When the children of your first classmates start arriving at the company, you may feel some contradictory sentiments. After remeniscing in your pleasant memories of the first professional steps you took, a bell goes off when you realize that those very children you saw years ago cuddled up in cradles, are now already here at the doorstep of your office.
At the same time that I faced this new realization, I noticed that Merco and Universum distributed two separate reports in which they call to attention how Spanish women face salary discrimination from the moment they step out of college. If a few seconds ago I was thinking about how time flew by, I’m now doubting if life will ever be the same …
I’m not willing to fall for claims spouted out from the Goya awards. With the exception of the three words that emerged in the heart and voice of the award-winning Jesús Vidal -Diversity, Equality and Visibility-, the concepts of equality suggested throughout the Goya gala were tiresome, if not vulgar.

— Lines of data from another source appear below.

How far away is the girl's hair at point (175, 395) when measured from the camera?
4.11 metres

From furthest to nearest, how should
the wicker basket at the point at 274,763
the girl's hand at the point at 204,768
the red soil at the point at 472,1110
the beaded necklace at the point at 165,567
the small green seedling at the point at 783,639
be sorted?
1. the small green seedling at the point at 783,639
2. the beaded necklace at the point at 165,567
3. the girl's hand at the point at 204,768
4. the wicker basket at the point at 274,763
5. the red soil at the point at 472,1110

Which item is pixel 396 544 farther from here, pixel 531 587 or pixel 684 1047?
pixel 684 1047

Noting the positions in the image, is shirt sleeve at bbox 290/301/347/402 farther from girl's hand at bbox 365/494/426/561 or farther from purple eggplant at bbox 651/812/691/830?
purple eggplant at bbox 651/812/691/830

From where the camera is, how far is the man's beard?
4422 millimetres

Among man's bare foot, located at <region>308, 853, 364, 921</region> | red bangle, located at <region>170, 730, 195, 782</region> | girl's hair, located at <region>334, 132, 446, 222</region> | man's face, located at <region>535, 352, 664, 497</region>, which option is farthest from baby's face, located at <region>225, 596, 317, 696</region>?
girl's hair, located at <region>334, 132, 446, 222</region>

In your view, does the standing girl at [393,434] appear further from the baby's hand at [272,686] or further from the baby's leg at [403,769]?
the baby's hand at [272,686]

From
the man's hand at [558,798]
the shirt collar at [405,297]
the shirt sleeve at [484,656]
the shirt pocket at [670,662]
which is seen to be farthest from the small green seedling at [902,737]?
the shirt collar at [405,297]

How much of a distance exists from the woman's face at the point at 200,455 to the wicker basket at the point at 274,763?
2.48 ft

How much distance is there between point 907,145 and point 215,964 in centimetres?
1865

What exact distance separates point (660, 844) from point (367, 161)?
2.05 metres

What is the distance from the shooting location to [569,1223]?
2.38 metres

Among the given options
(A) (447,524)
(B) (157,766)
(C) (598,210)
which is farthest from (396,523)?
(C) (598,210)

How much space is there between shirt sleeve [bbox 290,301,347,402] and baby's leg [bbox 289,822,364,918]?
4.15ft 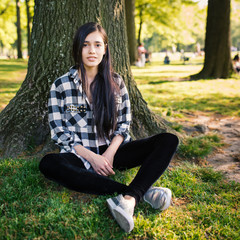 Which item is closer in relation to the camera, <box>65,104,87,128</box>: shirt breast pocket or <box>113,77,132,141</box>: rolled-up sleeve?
<box>65,104,87,128</box>: shirt breast pocket

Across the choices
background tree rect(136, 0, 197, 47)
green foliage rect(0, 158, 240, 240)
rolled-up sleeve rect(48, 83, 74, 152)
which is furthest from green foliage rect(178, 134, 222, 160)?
background tree rect(136, 0, 197, 47)

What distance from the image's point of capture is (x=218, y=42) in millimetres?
10977

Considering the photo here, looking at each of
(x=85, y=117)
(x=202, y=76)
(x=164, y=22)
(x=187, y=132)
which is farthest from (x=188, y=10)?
(x=85, y=117)

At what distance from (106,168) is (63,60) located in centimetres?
172

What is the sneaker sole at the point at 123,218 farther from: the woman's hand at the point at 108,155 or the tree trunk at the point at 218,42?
the tree trunk at the point at 218,42

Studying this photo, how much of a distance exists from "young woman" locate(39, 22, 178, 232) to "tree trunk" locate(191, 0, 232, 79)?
9259mm

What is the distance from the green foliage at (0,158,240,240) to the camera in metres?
2.04

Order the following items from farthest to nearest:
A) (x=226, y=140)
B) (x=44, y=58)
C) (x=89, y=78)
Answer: (x=226, y=140)
(x=44, y=58)
(x=89, y=78)

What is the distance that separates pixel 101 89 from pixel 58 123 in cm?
56

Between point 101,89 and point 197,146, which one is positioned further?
point 197,146

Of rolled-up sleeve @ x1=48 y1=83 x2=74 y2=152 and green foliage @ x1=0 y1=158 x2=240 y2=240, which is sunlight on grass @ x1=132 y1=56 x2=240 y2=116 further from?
rolled-up sleeve @ x1=48 y1=83 x2=74 y2=152

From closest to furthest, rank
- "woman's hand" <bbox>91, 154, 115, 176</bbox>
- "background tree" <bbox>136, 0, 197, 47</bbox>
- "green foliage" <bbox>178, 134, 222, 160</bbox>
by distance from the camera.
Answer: "woman's hand" <bbox>91, 154, 115, 176</bbox> → "green foliage" <bbox>178, 134, 222, 160</bbox> → "background tree" <bbox>136, 0, 197, 47</bbox>

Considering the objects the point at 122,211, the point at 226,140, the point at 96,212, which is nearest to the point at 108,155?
the point at 96,212

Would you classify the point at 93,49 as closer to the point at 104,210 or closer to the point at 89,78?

We have put the feminist cause in the battle of the genders and the frontline is much more diverse. The authentic champion of the Goya and winner of its best film category, Champions, excites us by focusing on the integration of diverse peoples. As fewer and fewer people suffer from disabilities (because in many cases their opportunities end in the womb), the ones who do make it out deserve more visibility in society, work, film, etc…
Although it isn’t a completely new phenomenon, a new form of age discrimination is emerging: millennialls vs baby boomers. We really ought to assimilate with each other once and for all because surrounding ourselves with different people is more enriching than cloning homogenous environments. If not, companies will have to pay an even higher price than the one they continue to pay today from to the shortage of women in executive and managerial positions.

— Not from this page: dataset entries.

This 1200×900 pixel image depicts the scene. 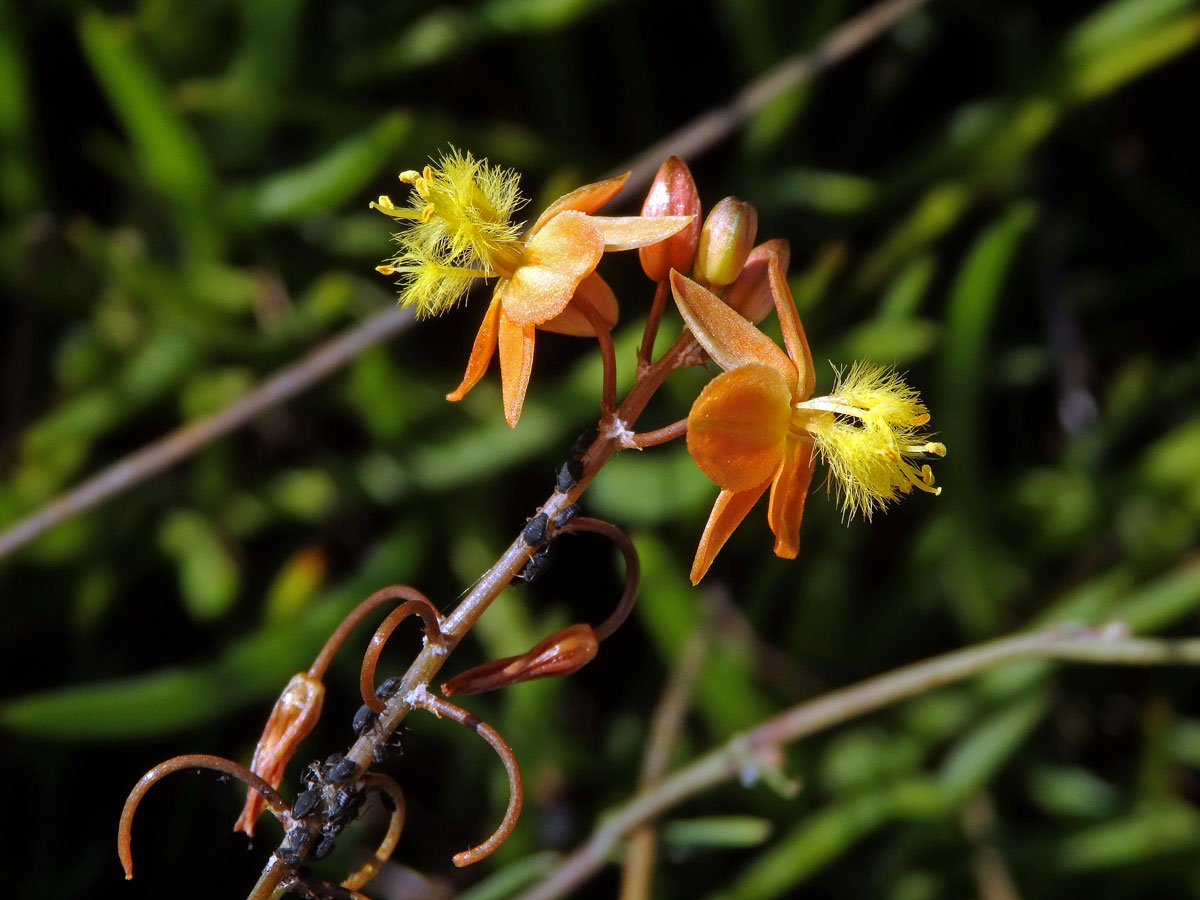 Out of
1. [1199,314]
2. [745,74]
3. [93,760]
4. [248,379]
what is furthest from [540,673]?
[1199,314]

If juniors and seniors join forces, the result of their work will be more creative. Professionals of all generations working together will bring more added value to a society, with an investment in the entirety from top to bottom of the demographic pyramid.

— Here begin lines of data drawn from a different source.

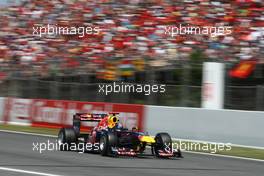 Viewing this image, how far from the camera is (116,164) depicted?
29.9 ft

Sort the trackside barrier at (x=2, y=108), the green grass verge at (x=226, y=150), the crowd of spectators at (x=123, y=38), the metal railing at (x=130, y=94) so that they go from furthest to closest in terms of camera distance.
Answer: the trackside barrier at (x=2, y=108) → the crowd of spectators at (x=123, y=38) → the metal railing at (x=130, y=94) → the green grass verge at (x=226, y=150)

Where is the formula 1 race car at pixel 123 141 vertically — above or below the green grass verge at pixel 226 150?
above

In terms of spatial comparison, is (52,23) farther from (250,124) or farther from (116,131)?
(116,131)

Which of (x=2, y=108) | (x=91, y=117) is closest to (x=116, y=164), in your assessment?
(x=91, y=117)

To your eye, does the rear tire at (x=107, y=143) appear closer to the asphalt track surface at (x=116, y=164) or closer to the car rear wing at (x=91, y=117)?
the asphalt track surface at (x=116, y=164)

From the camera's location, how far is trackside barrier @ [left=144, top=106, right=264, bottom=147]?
13.9 metres

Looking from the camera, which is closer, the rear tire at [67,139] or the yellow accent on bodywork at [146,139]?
the yellow accent on bodywork at [146,139]

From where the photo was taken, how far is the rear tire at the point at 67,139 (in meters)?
11.3

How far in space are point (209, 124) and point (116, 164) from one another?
616cm

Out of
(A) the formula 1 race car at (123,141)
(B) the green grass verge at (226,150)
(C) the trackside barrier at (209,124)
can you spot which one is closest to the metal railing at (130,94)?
(C) the trackside barrier at (209,124)

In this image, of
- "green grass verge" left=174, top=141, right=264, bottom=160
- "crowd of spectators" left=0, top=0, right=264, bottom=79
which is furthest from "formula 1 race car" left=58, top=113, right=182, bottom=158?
"crowd of spectators" left=0, top=0, right=264, bottom=79

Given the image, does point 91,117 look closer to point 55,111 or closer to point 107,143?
point 107,143

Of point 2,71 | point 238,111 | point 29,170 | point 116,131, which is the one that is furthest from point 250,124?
point 2,71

Some companies are exhibiting such bipolarity, removing seats in their in the board of directors from acclaimed professionals of extensive experience just because of their age. “You have to rejuvenate the company …”, says Generation X, born between 1965 and 1979 in unison with millennials of 1980 to 1999, as they send home the baby boomers of the late ‘40s to the mid ‘60s.
Excellence is to integrate women and men with equitable retribution at all levels, people with an extra chromosome more or less, people both young and old … In the midst of these paradoxes, it would be a blockbuster to wage the battle for diversity and inclusion to a greater extent.